General Prens Pyotr Bagration'un ilk operasyonu, 14 Ağustos 1809 tarihinde Maçin (Măcin) kalesinin kuşatılması oldu. 18 Ağustos 1809'da kale garnizonu teslim oldu. 22 Ağustos tarihinde ise iki gün süren bombardımanın ardından Kirsova (Chirsova) kalesi Rusların eline geçmiş, böylelikle Rus ordusu Tuna üzerinde seyyar bir köprü kurmaya başlamıştı.
Rus ilerleyişine engel olmak için harekete geçen Tuna komutanı Koca Hüsrev Mehmed Paşa’nın komutasındaki 12.000 kişilik Türk kolordusu 4 Eylül 1809 tarihinde Resvan’da Cernavoda Muharebesi Pyotr Bagration'un Rus birlikleri tarafından bozguna uğratıldı. Bu savaşın ardından bölgenin önemli kaleleri, kale muhafızlığını eski sadrazam Çelebi Mustafa Paşa'nın yaptığı İbrail kalesi ve İzmail kalesi sırasıyla 14 Eylül ve 21 Kasım'da düştü. İlerleyen Rus birlikleri 11 Eylül 1809 tarihinde Silistre'yi kuşattı. Silistre savunmasında görev yapan Pehlivan İbrahim Ağa’nın başarılı savunması ve yardıma gelen ayanlar ile sadrazamın Rusçuk’tan Silistre’ye doğru ilerlemesi Ruslar’ın Silistre önlerindeki istihkâmlarda küçük birlikler bırakarak, Silistre’ye iki saat mesafede Tuna'nın sol sahilinde bir mevkiye çekilmesiyle sonuçlanmıştı. Tepedelenli Ali Paşa’nın oğlu Muhtar Paşa’nın da yardıma gelmesi ile Pehlivan İbrahim Ağa kumandasındaki Osmanlı ordusu 10 Ekim'de Tatariçe Muharebesi'nde Rus birliklerini durdurmuş; Osmanlı ordusunda bine yakın şehit verilirken, Rus ordusunda 10 binin üzerinde ölü ve zâyiât vermiştir.
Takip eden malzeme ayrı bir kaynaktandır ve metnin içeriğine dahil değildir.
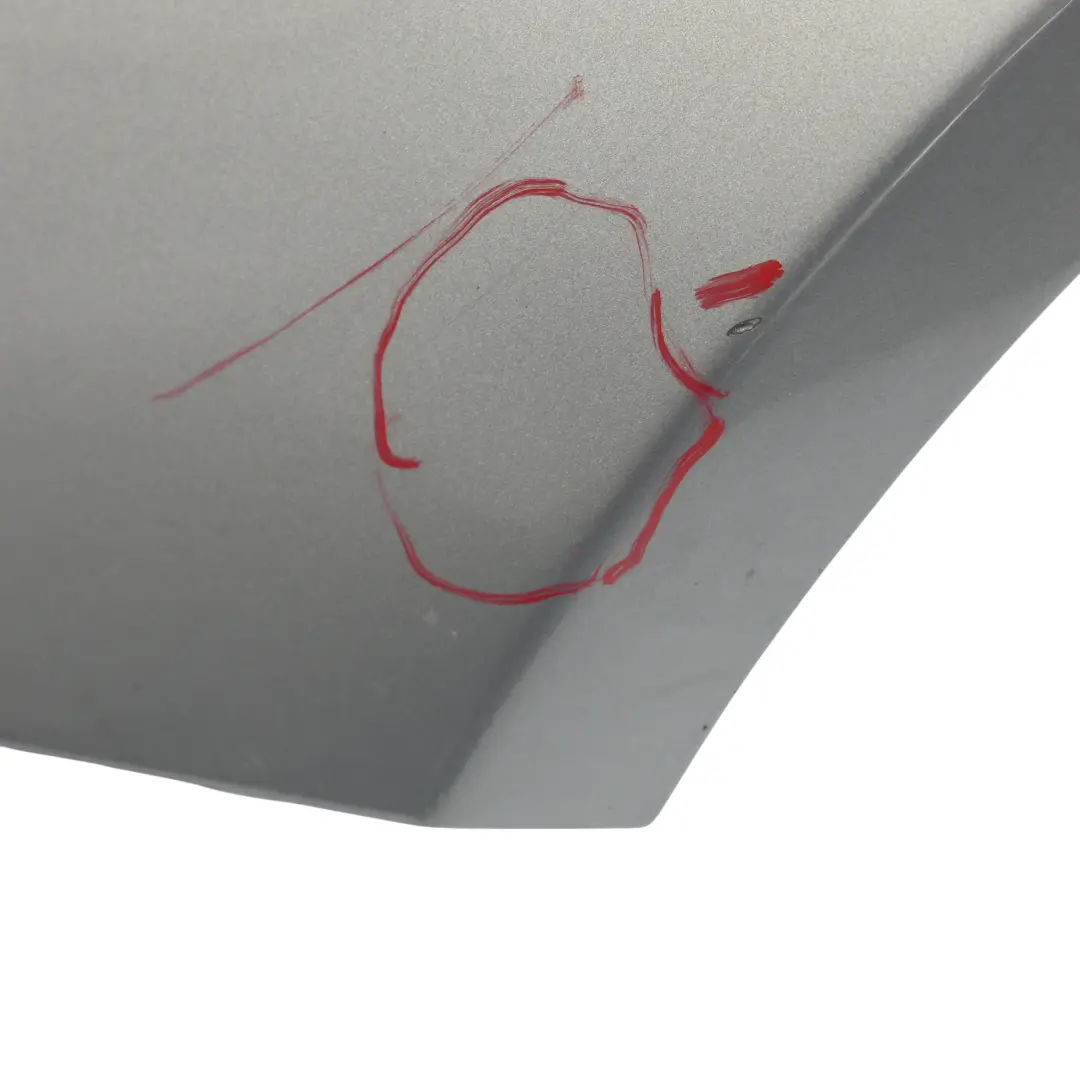 Mercedes W212 Side Wing Panel Front Left N/S Fender Cover Palladium Silver - 792 - SKU A2128801118-PAL1 - Part number A2128801118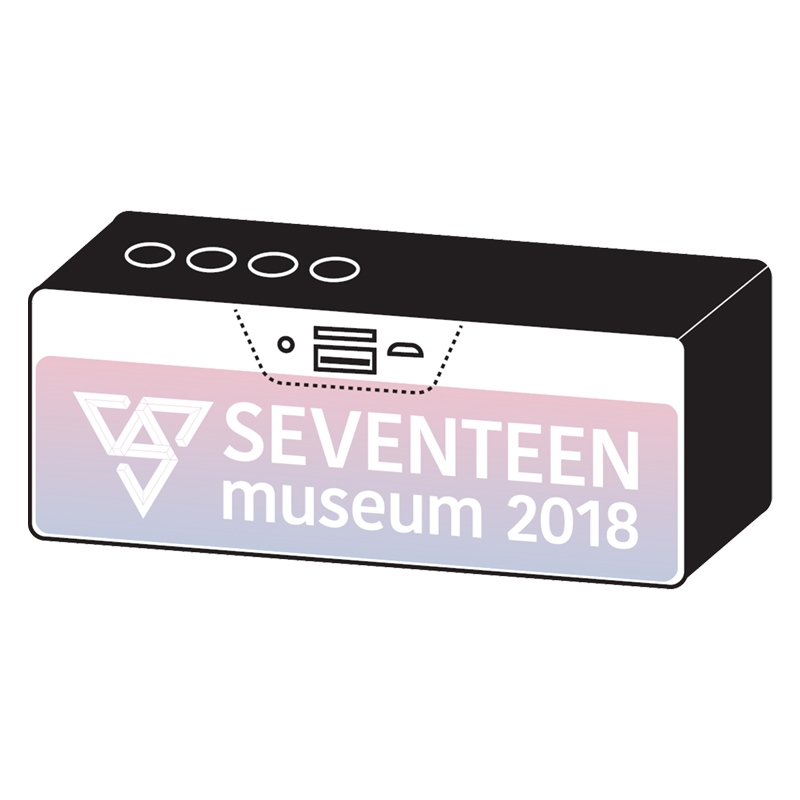 37VSEVENTEEN museum 2018 Bluetooth スピーカー
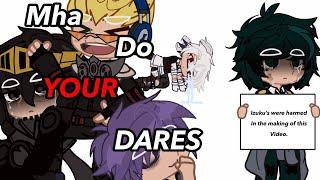 Mha do YOUR dares || mha || Gacha club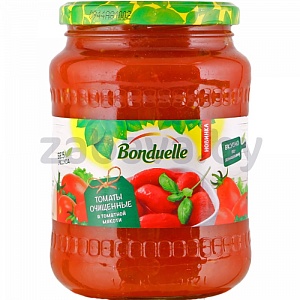 Томаты Bonduelle в томатной мякоти, 720 мл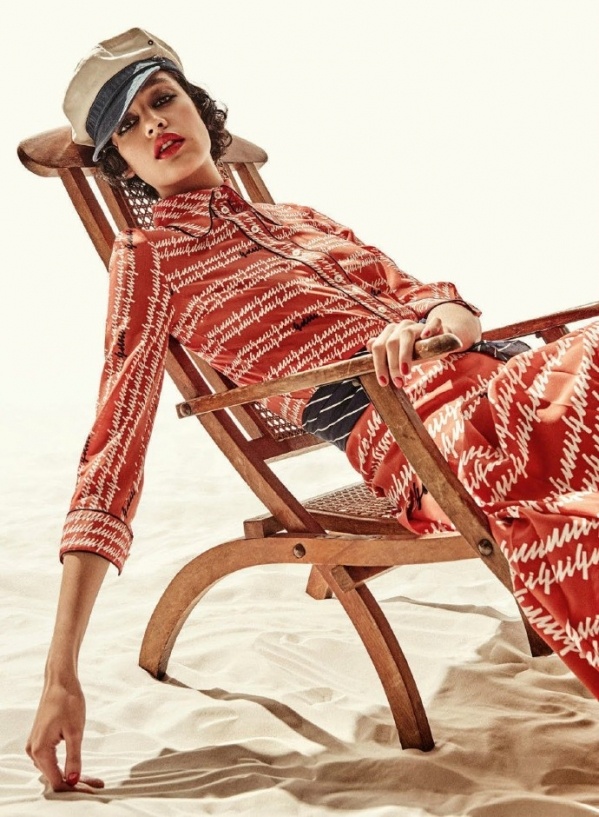 胖女生去海边适合穿什么,胖女生去海边穿什么裙子好看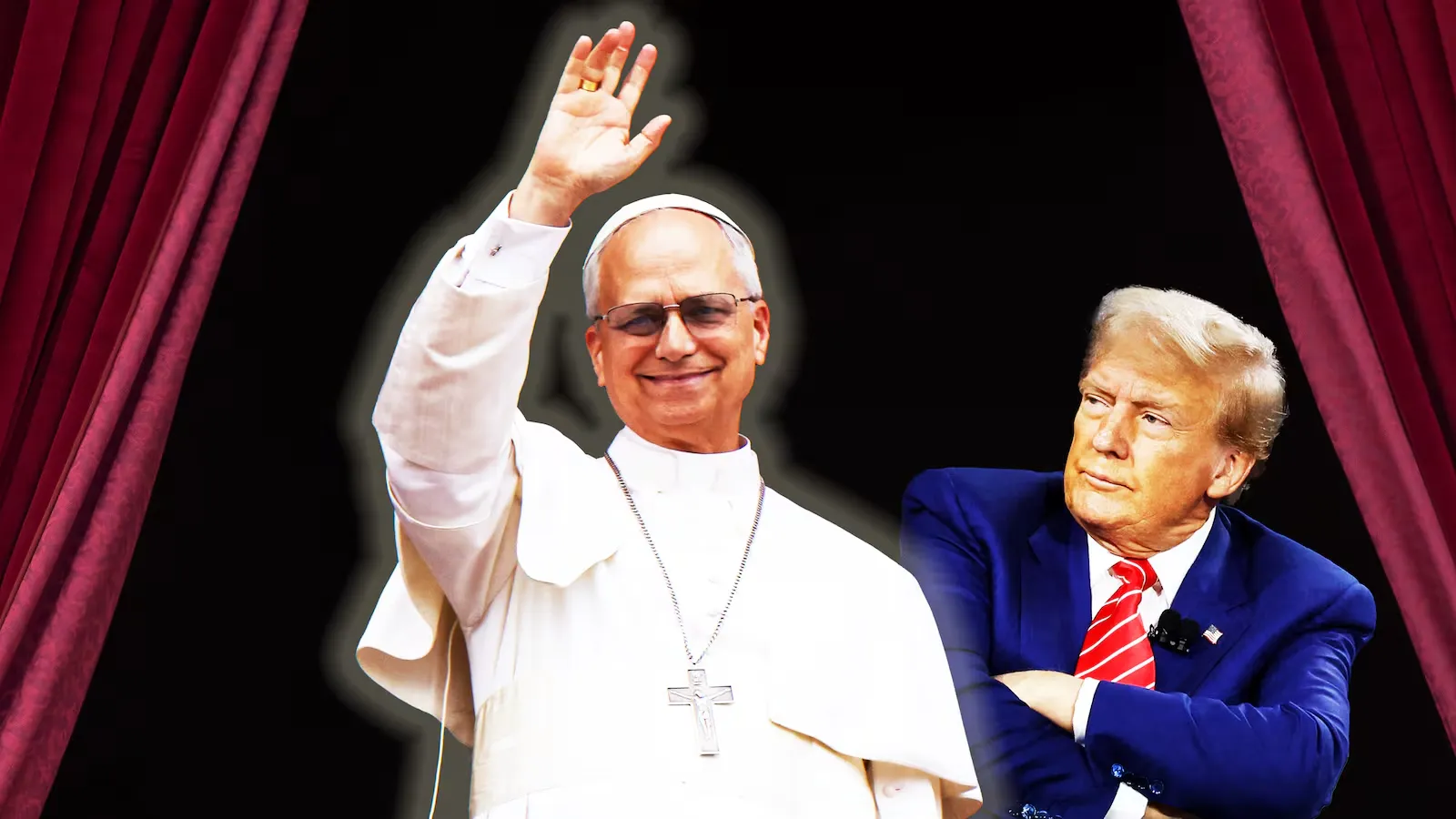 Pope Leo XIV rejects Trump criticism, calls for restraint amid US–Vatican tensions Pope Leo XIV rejects Trump criticism calls for restraint amid US–Vatican tensions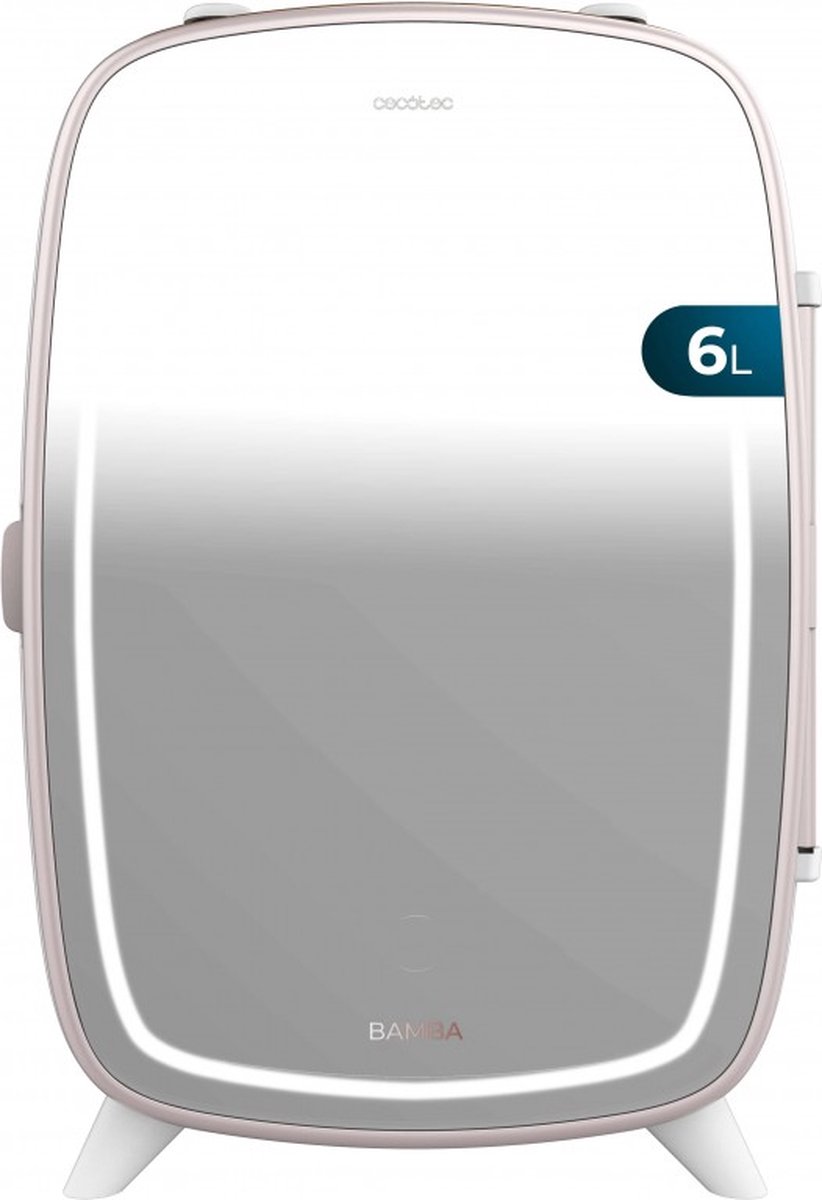Cecotec Bamba Coolingbeauty 6000 Spiegel Cosmetica Koelkast Transparant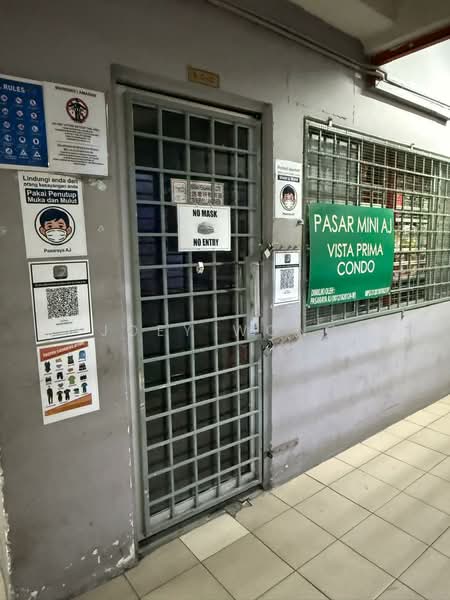 Apartment for Rent at Vista Prima - Joey Wong - Entrance - PropertyGuru.com.my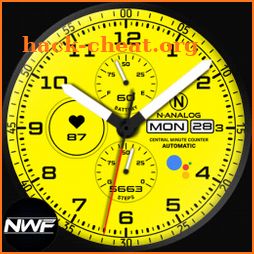 Nighty Analog 02 - watch face icon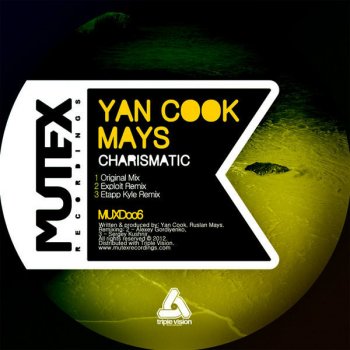 Yan Cook feat. Mays Charismatic - Etapp Kyle Remix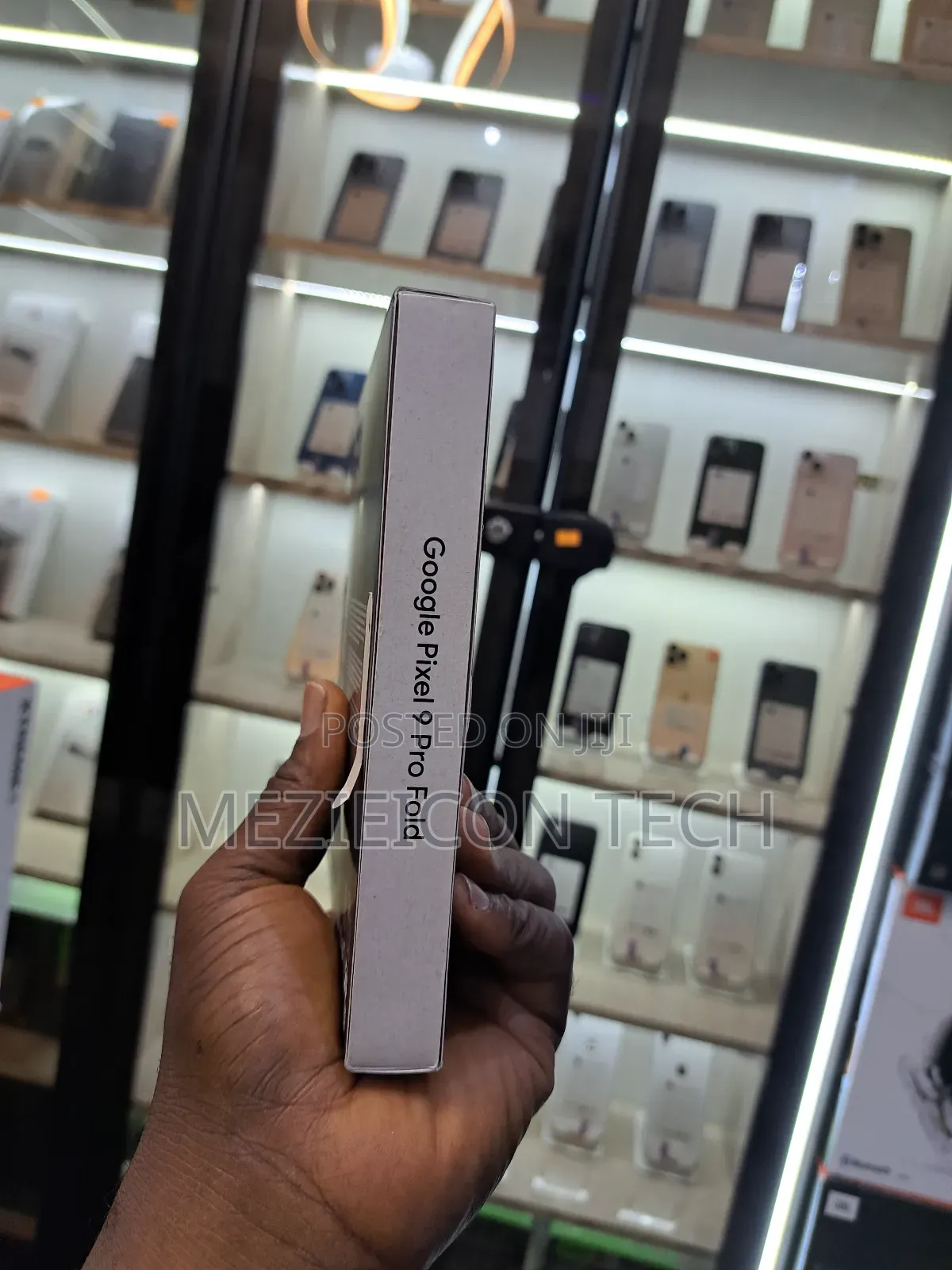 New Google Pixel 9 Pro Fold 256 GB Black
Bu zaferden sonra 29 Ekim 1809 tarihinde İbrahim Ağa'ya vezirlik payesi verildi ve o günden sonra da "Baba Paşa" diye anılmaya başlandı. Muhtar Paşa da "Hızır Paşa" adını aldı. 23 Temmuz 1809 tarihinde Serdar-ı Ekrem Yusuf Ziya Paşa komutasında Rumeli’ye doğru harekete geçen Osmanlı ordusun ilerlemesiyle arkadan sarılma tehlikesini gören Rus ordusu önce Silistre’ye oradan da Eflâk’a çekilmek zorunda kalmış; buna karşılık Osmanlı ordusu, kış mevsiminin de etkisiyle 22 Kasım’da Şumnu Karargâhı’na geri dönmüş; Pehlivan İbrahim Ağa komutasındaki kuvvetlere ise Hacıoğlu Pazarcık adı verilen bölgede kışlaması Yusuf Ziya Paşa tarafından emredilmiştir. Yaklaşık altı, yedi aydır kuşatma altında bulunan İzmail ve İbrail Kaleleri’ne yardım gönderilemediğinden düşman eline geçtiği haberi Şumnu Karargâhı’na dönüldükten sonra haber alınmıştır.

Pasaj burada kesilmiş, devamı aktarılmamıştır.